Rigoletto, English National Opera, ENO, London Coliseum, February 2017Posted on 3 February 2017
Now that Christopher Alden’s stale and pretentious North American production has been aborted after a single run, we are back with Jonathan Miller’s gangland setting, looking as fresh as ever. Wonderful. This superb production well matches the tragedy that unfolds in what became a turning point in Verdi’s operatic career.

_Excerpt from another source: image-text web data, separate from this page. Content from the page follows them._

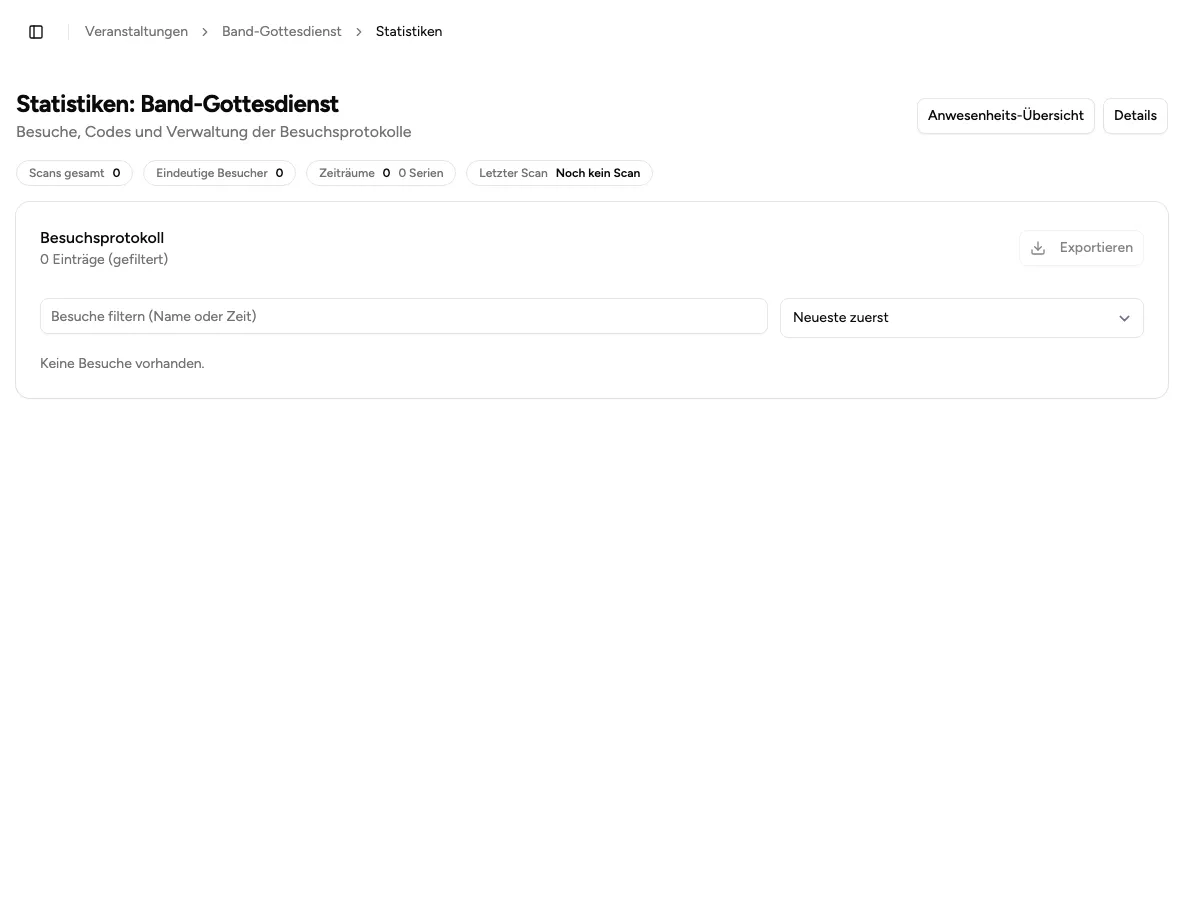 Statistiken einer Veranstaltung mit Besuchsprotokoll und Export-Funktion in der Verwaltung (Beispiel aus der öffentlichen Demo)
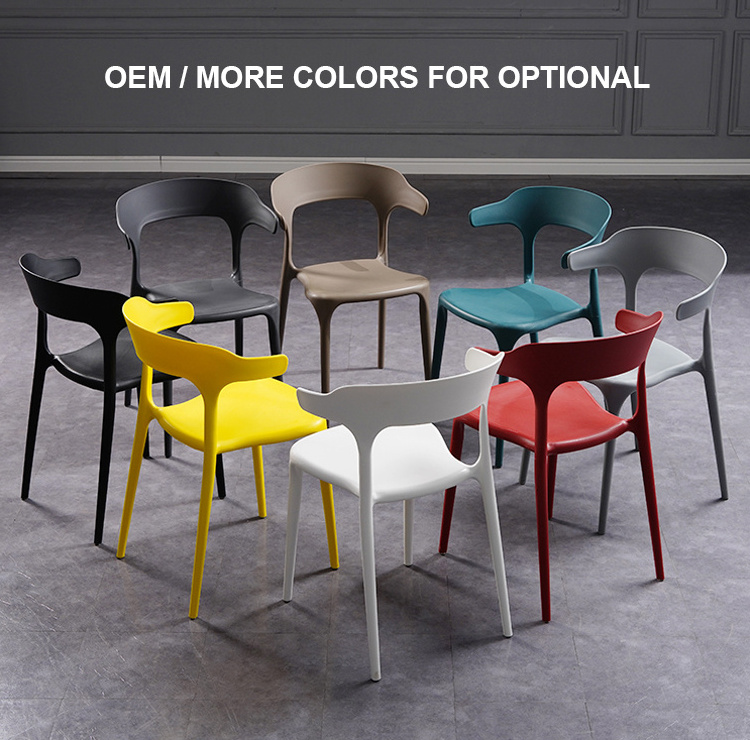 Polypropylene Colorful Outdoor Garden  Modern Stackable Pp Restaurant Cafe Dining Chairs Nordic Plastic Chair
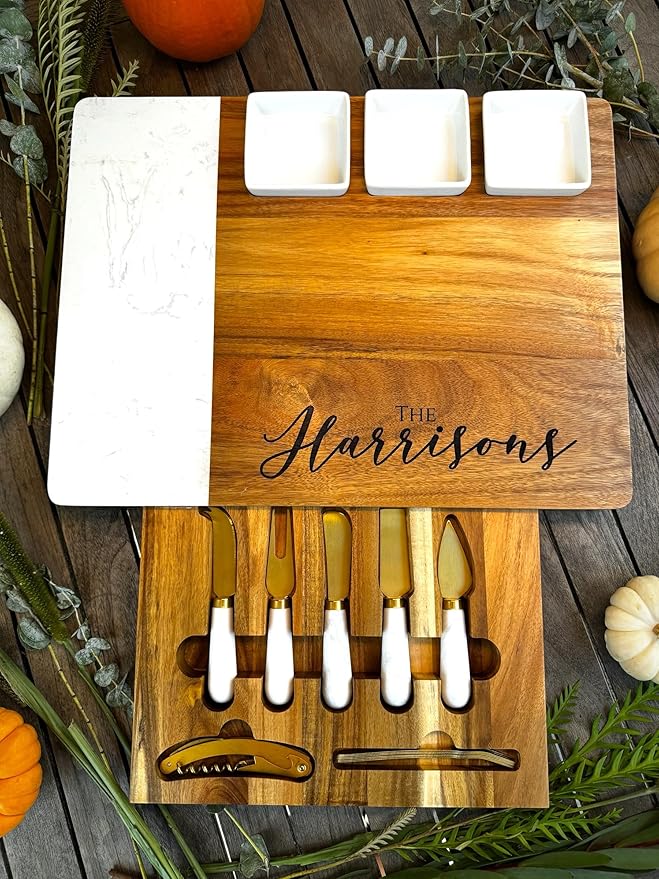 Quartz & Acacia Modern Charcuterie Board Set 16 pcs Laser Engraved Cheese Board And Knife Set Realtor Closing gift Custom Christmas Wedding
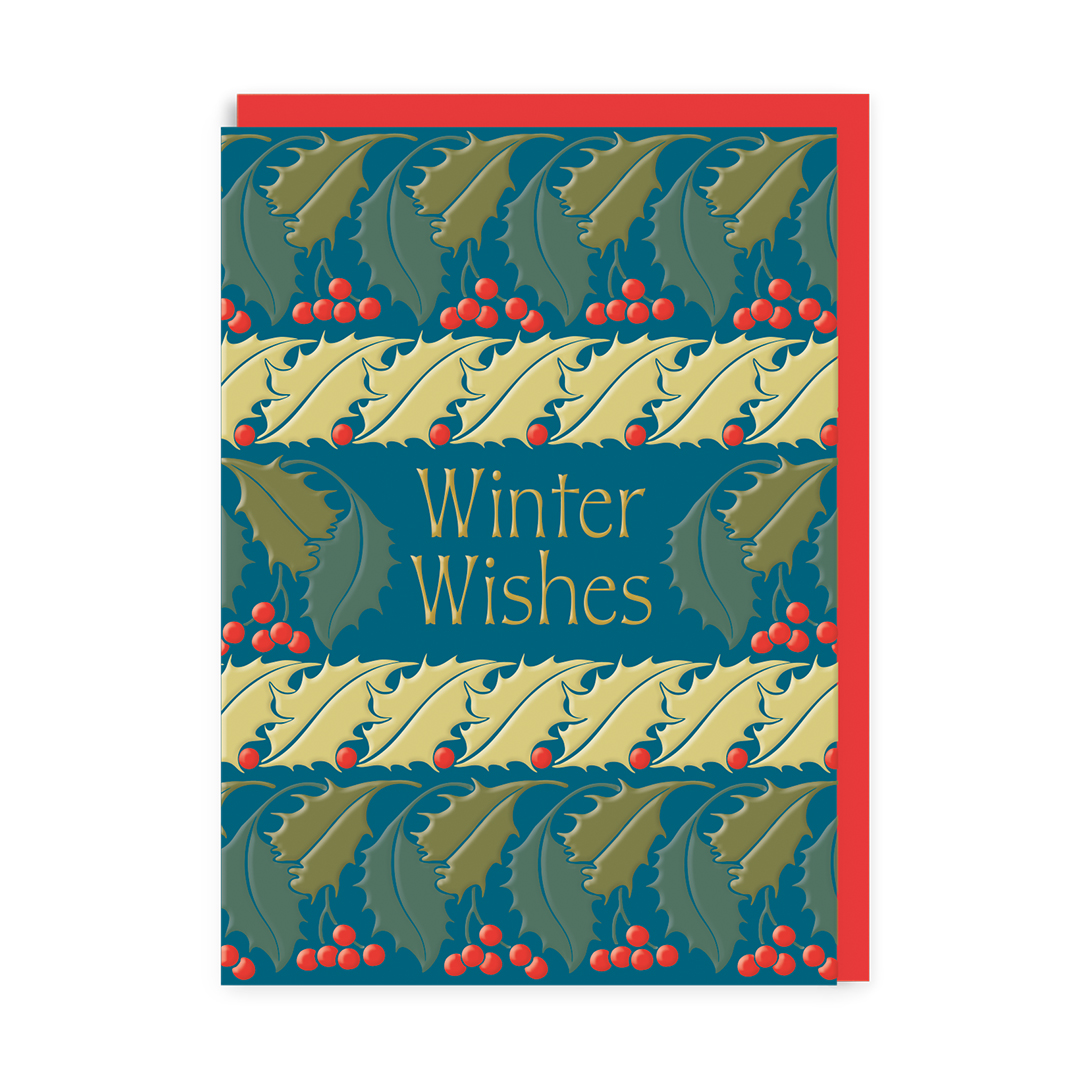 Picture of Winter Wishes Teal Holly Greeting Card (13467)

Before its premiere in Venice in 1851 Verdi withheld the tune to the Duke’s famous La donna è mobile until the day of the performance to avoid its becoming common currency among the gondoliers. He knew he had a hit of his hands, and Los Angeles newcomer Joshua Guerrero sang the Duke’s role with real hedonistic flourish. Before meeting Rigoletto’s precious daughter Gilda in Act I for what became a terrific duet he pulls out a comb to swish back his Elvis Presley-style hair — a teflon-coated gangster of effortless narcissism. As Gilda herself, American soprano Sydney Mancasola sang like a nightingale in her soliloquy on the Duke’s assumed name, and increased the depth of her characterisation as she developed radiant power in the Act III quartet with her father Rigoletto and the demi-monde of Barnaby Rea’s shadowy, dark-toned Sparafucile and Madeleine Shaw’s gentle Maddalena.

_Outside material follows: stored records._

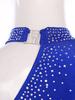 Womens Latin Dance Crop Top Single Long Sleeve Asymmetrical Shoulder Sparkly Rhinestone Top Belly Dancewear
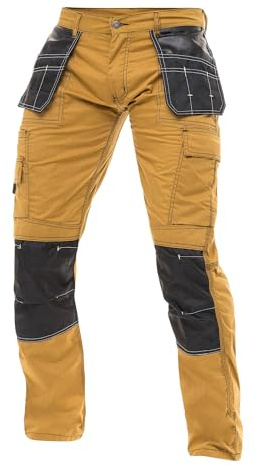 Juicy Trendz Herr Arbetsbyxor – Hållbara Arbetsbyxor & Skyddsbyxor för Män med Hölsterfickor, Förstärkta Cordura Knäskydd, Taktiska Cargobyxor för Byggnadsarbete, Khaki, 30W x 34L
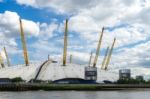 View Of The O2 Building From The River Thames Stock Photo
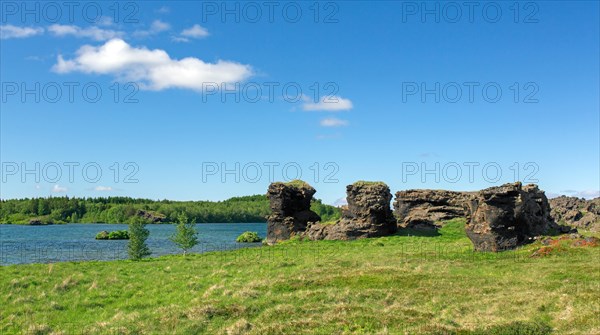 Hoefoi, Hoefdi, volcanic lava rock formations along lake Myvatn in summer, Norourland eystra,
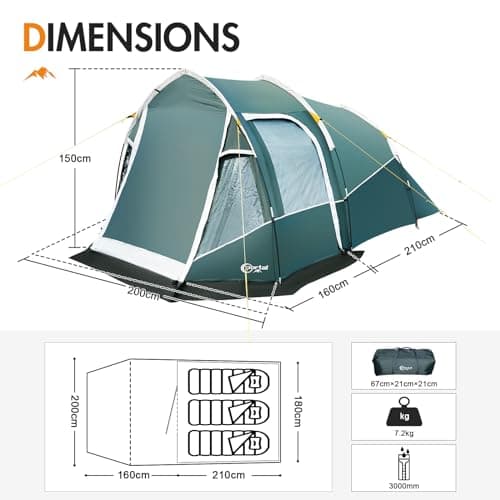 Portal 2-3 Man Tent Luxury 3000mm Waterproof with Porch Awning 3 Person Camping Tent with Sewn-in Groundsheet 2 Man with Bedroom Lightweight Tunnel for Festival Outdoor Hiking — view 5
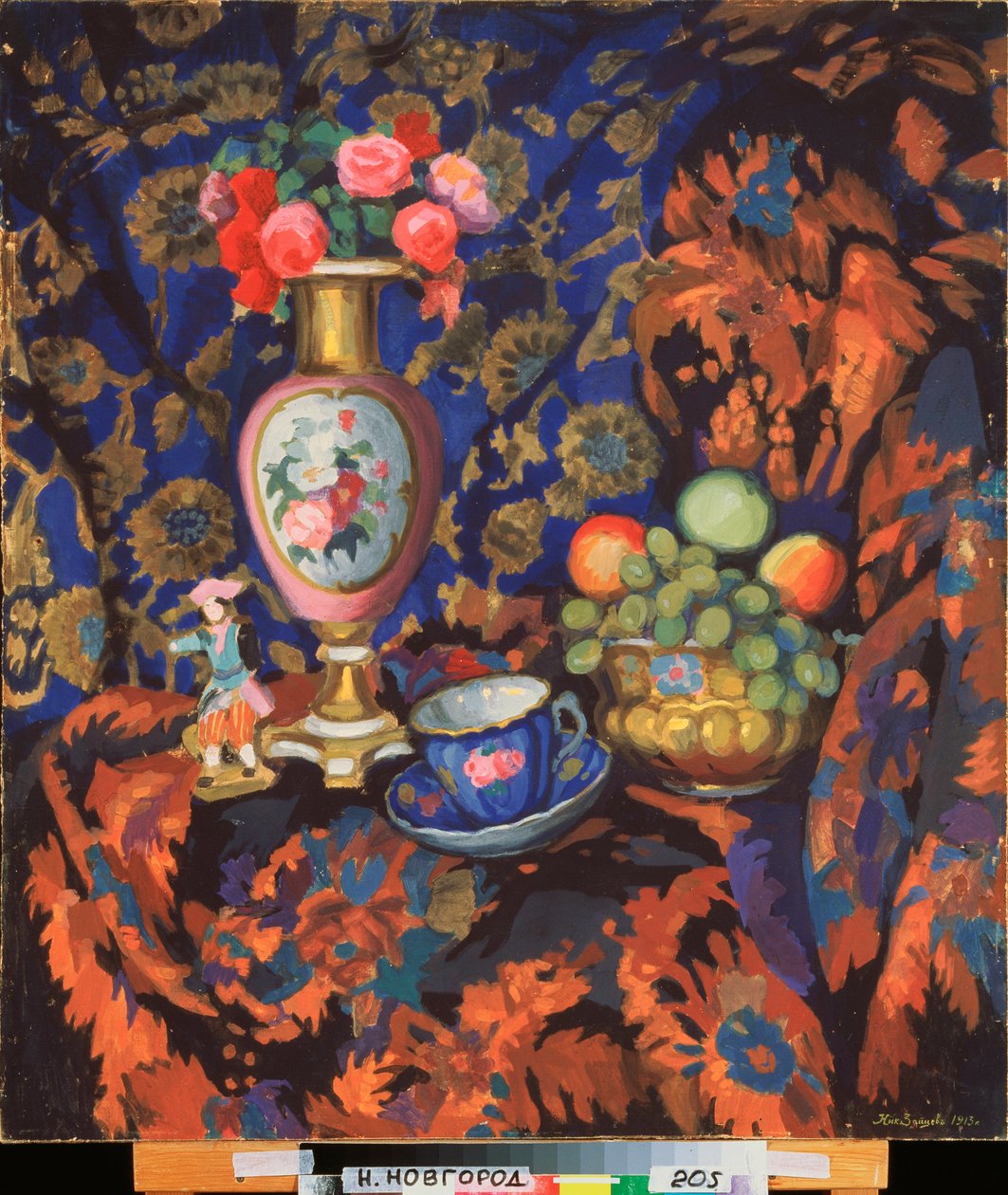 Zátiší s porcelánem a květinami - dílo Nikolaje Semjonoviče Zajceva (1885-1938), tempera na kartonu od Nikolai Semyonovich Zaytsev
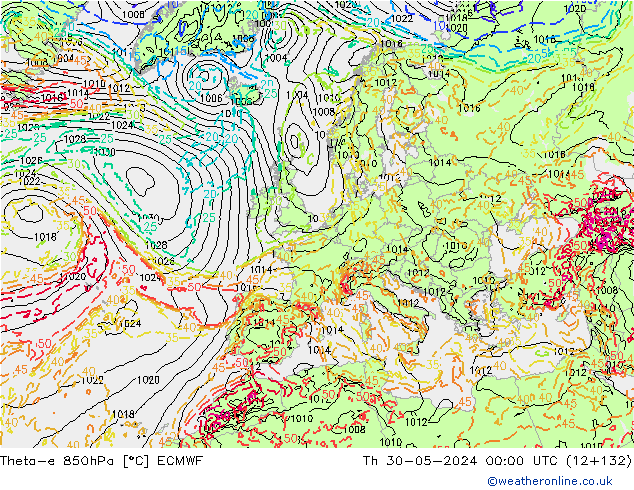 Theta-e 850hPa ECMWF do 30.05.2024 00 UTC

As Rigoletto, Nicholas Pallesen’s lyrical baritone showed huge concern for his daughter, and admirable stamina in this hugely demanding role but he has yet to develop the required pathos, and walked with the shambling gait of a loser rather than the spine that this deformed jester must show his enemies. Supporting roles were well sung, with Nicholas Folwell a defiant Monterone carrying a great weight of fury, and Ceprano (Andrí Björn Róbertsson) and his wife (Joanne Appleby) fitting well with the glittering company that starts Act I. Terrific performance too by the chorus here, and throughout.

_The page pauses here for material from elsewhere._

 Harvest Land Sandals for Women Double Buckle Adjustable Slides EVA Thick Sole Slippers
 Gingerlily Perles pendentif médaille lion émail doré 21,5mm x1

This production may be an old one — this is its thirteenth revival — but it is well cared for, and Kevin Sleep’s revival of the lighting is superb. The shadows in which Sparafucile meets Rigoletto are beautifully created.
Conducting by Richard Armstrong hewed to the original score without interpolated high notes, rather than traditions that have built up over time. Yet the orchestra rose to the occasion with wonderful playing, and for the early jollifications I loved seeing part of the string section as the on-stage Gualtier Maldè band, precisely the pseudonym the Duke uses to Gilda when he meets her — a nice touch.
Such a pleasure to have Jonathan Miller’s production reinstated, and when the great man appeared on stage at the end with revival director Elaine Tyler-Hall he was given a standing ovation.